TASK REQUIREMENTS.
Among the entries below, find the line with "Nili Lotan Womens" and the line with "Clear Stadium Backpack". Return exactly those lines and every line between them, but no pictures.

RECORDS PROVIDED.
━━━━

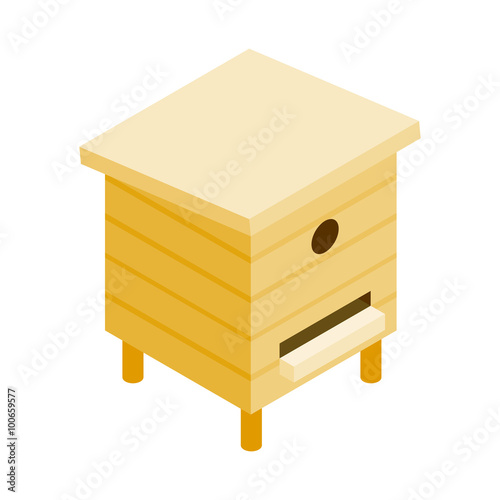 Wooden beehive isometric 3d icon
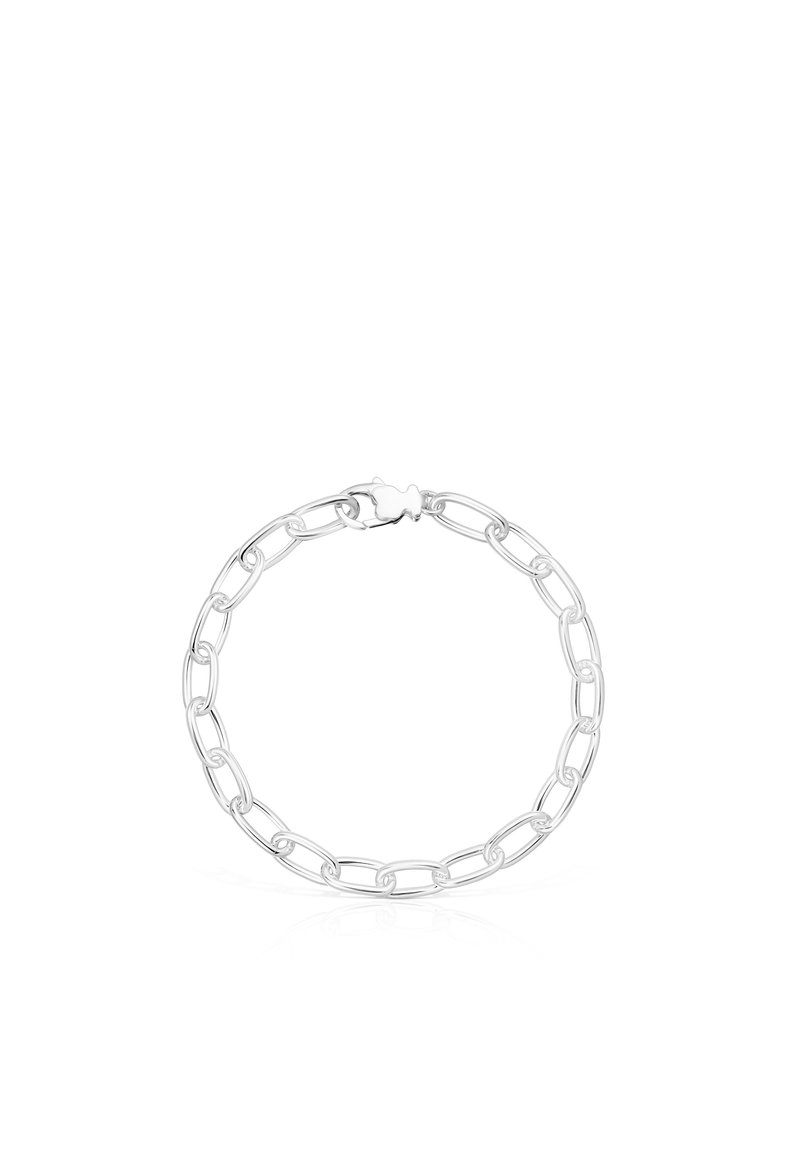 Pulsera de cadena de plata con eslabones alargados y un cierre de langosta. El diseño es simple, suave y pulido con un acabado brillante.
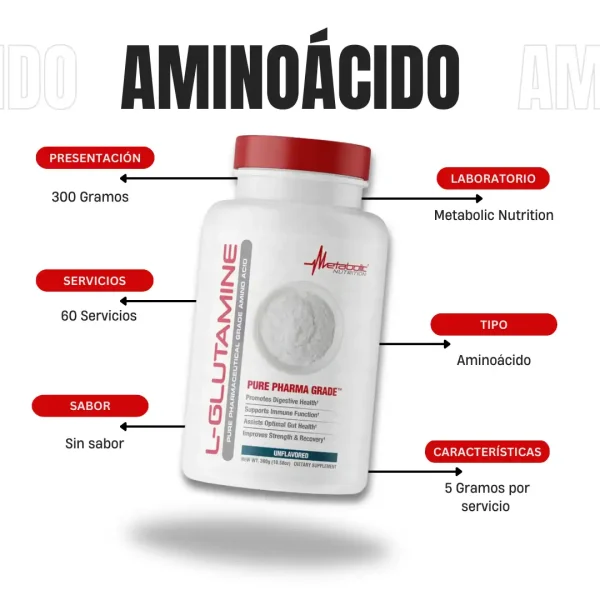 Glutamina 300 Gr Metabolic Nutrition - Imagen 4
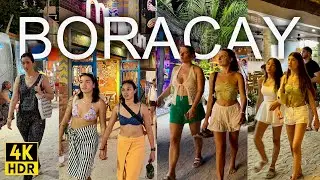 Boracay Philippines • The Best Island in the World? • White Beach Evening-Night Walk 4K HDR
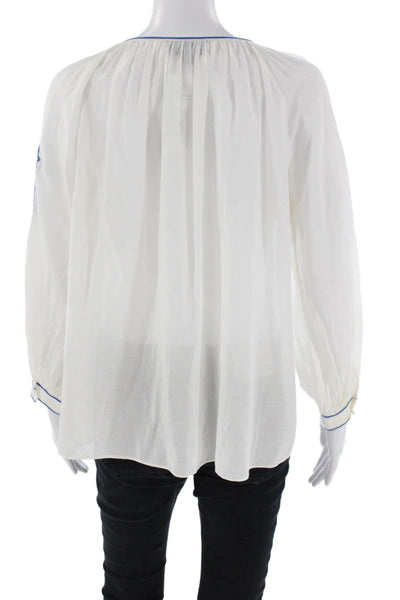 Nili Lotan Womens Sheer Embroidered Long Sleeve Blouse White Size XS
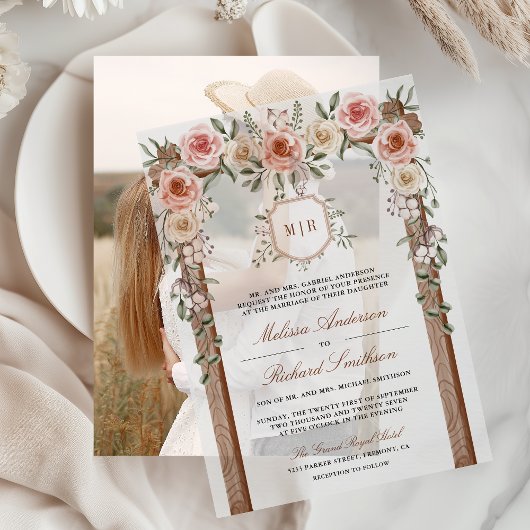 ウッド素朴フローラモノグラムクレストキャノピー結婚ズ ベラム紙招待状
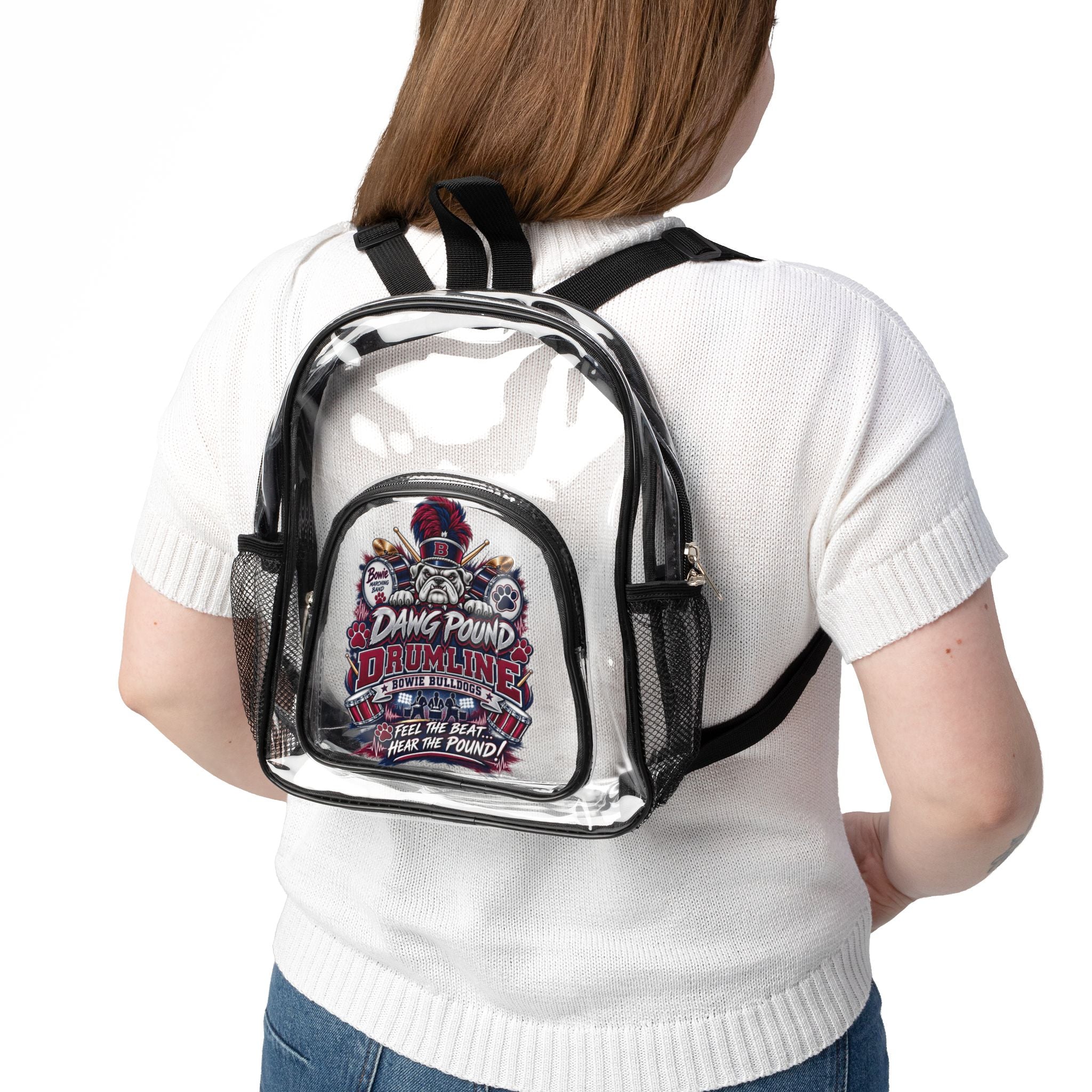 Clear Stadium Backpack with Front Graphic Pocket — 'Dang Pound' Drumming Design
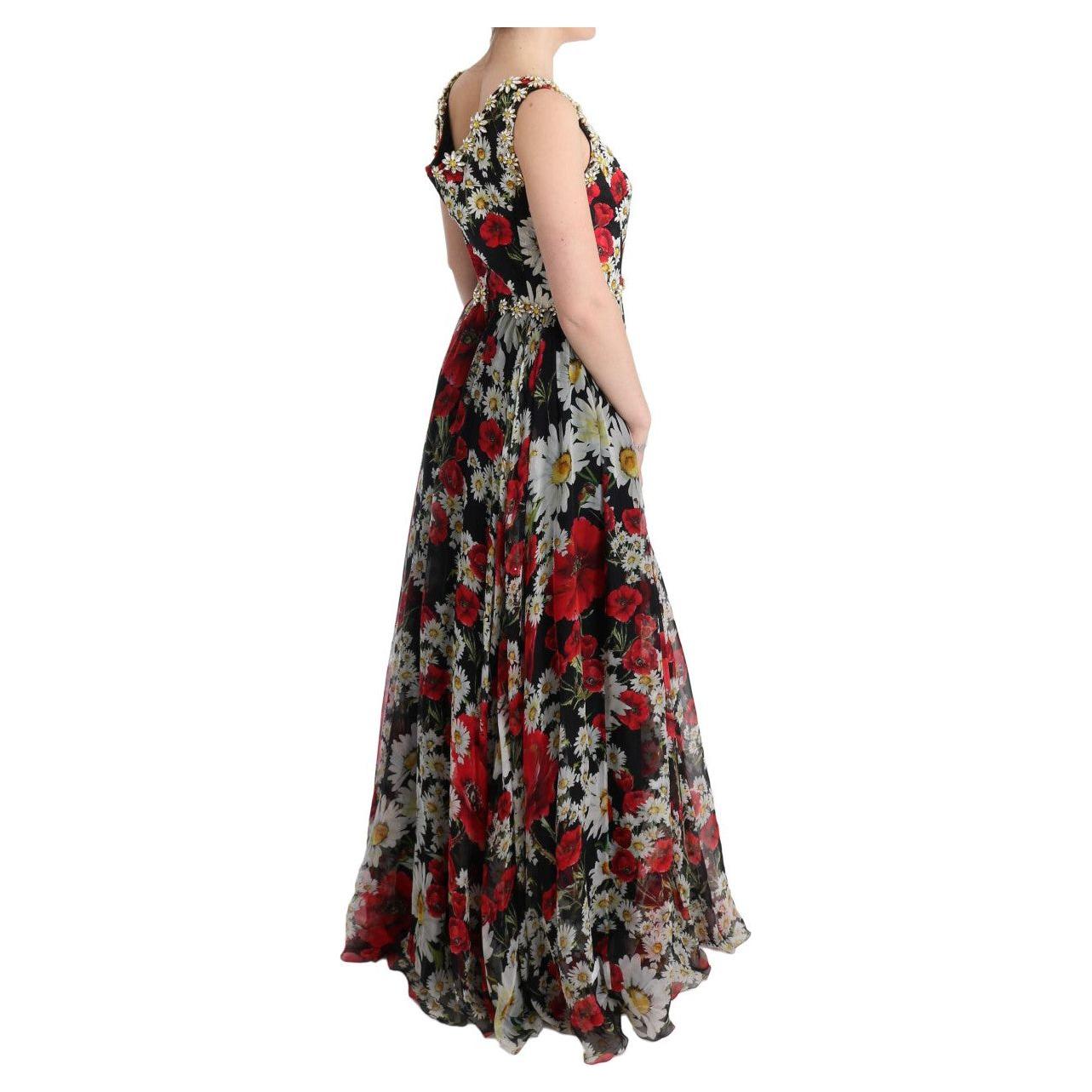 Dolce & Gabbana Floral Maxi Gown with Sunflower Print and Crystals Dolce & Gabbana Dark Slate Gray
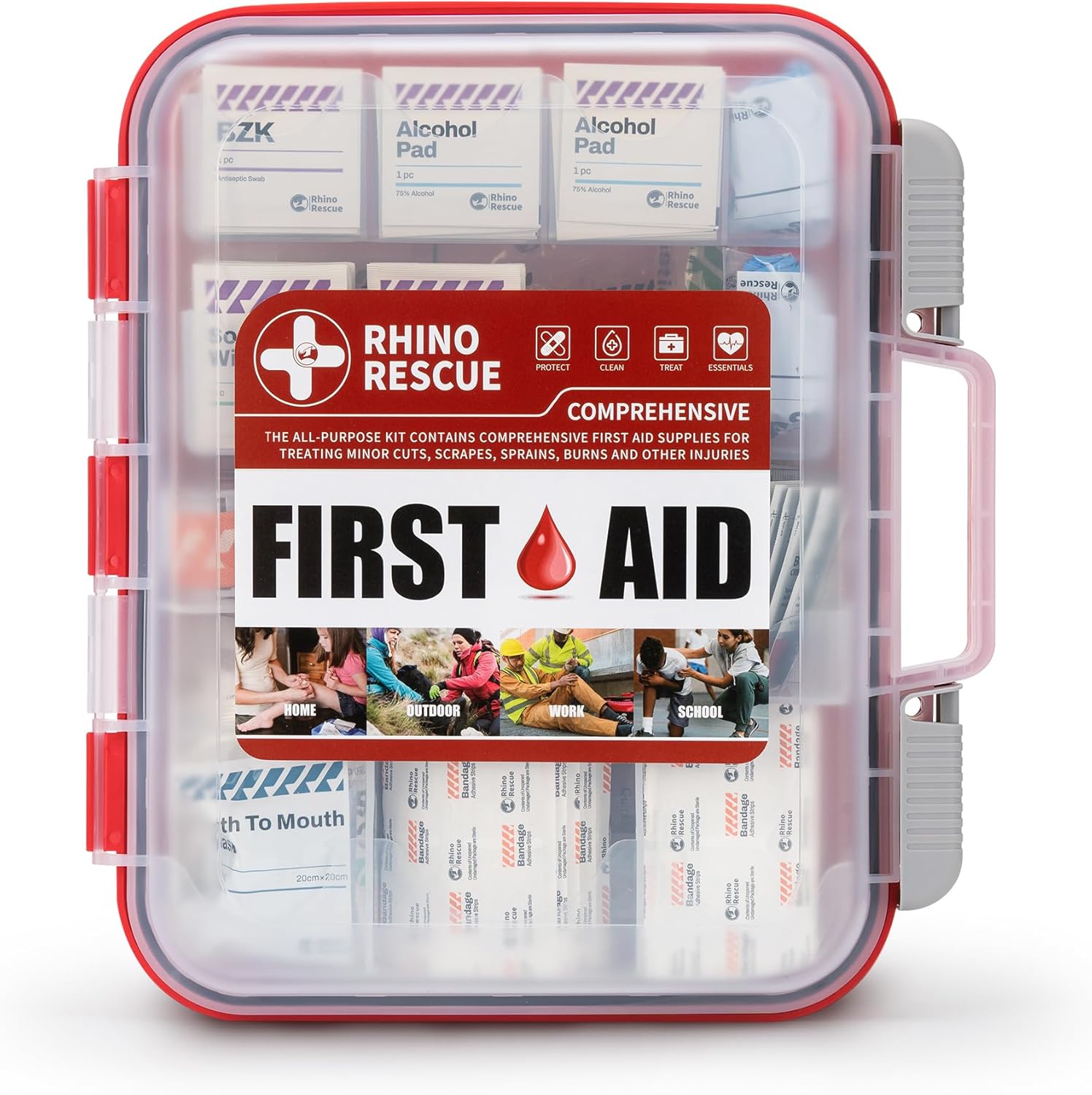 Rhino Rescue 371 Pieces OSHA All-Purpose First Aid Kit front view in transparent hard case.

━━━━

YOUR RESPONSE.
 Nili Lotan Womens Sheer Embroidered Long Sleeve Blouse White Size XS
 ウッド素朴フローラモノグラムクレストキャノピー結婚ズ ベラム紙招待状
 Clear Stadium Backpack with Front Graphic Pocket — 'Dang Pound' Drumming Design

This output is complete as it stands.